%%

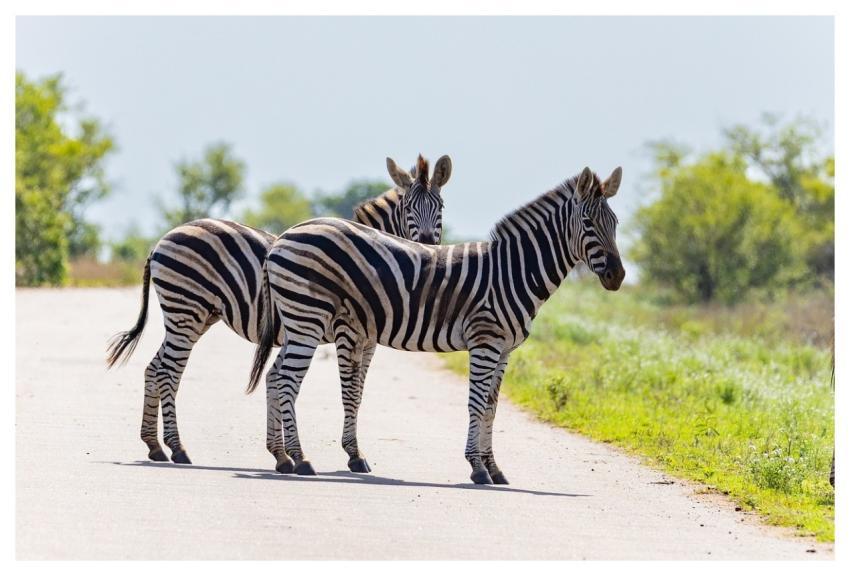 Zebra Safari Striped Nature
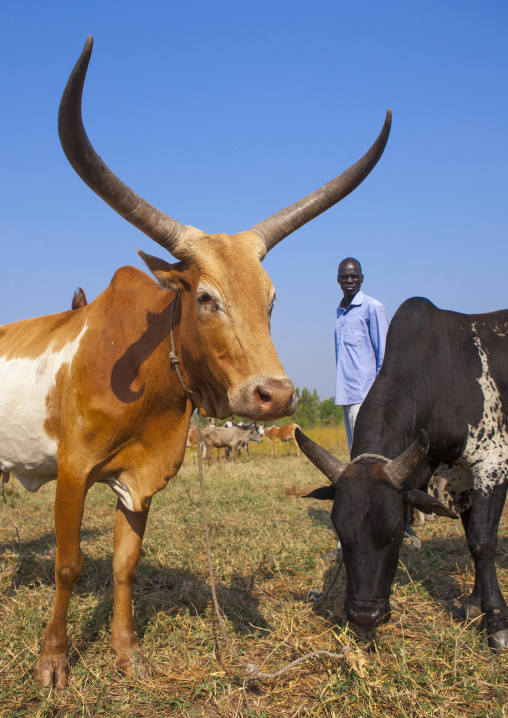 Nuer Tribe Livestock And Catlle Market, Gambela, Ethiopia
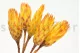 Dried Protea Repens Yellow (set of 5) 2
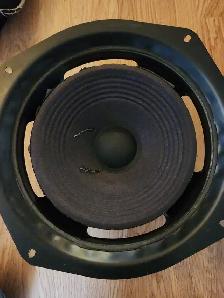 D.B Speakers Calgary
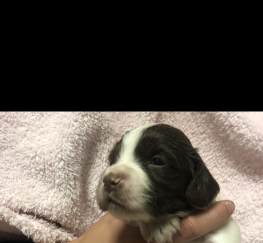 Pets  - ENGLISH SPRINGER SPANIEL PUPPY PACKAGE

%%

**AIM OF THE TASK**
Set down only the lines from the one with "Nuer Tribe Livestock" through the end of the entries, exactly as they appear, leaving out each picture.

**FINISHED EXERCISE**
 Nuer Tribe Livestock And Catlle Market, Gambela, Ethiopia
 Dried Protea Repens Yellow (set of 5) 2
 D.B Speakers Calgary
 Pets  - ENGLISH SPRINGER SPANIEL PUPPY PACKAGE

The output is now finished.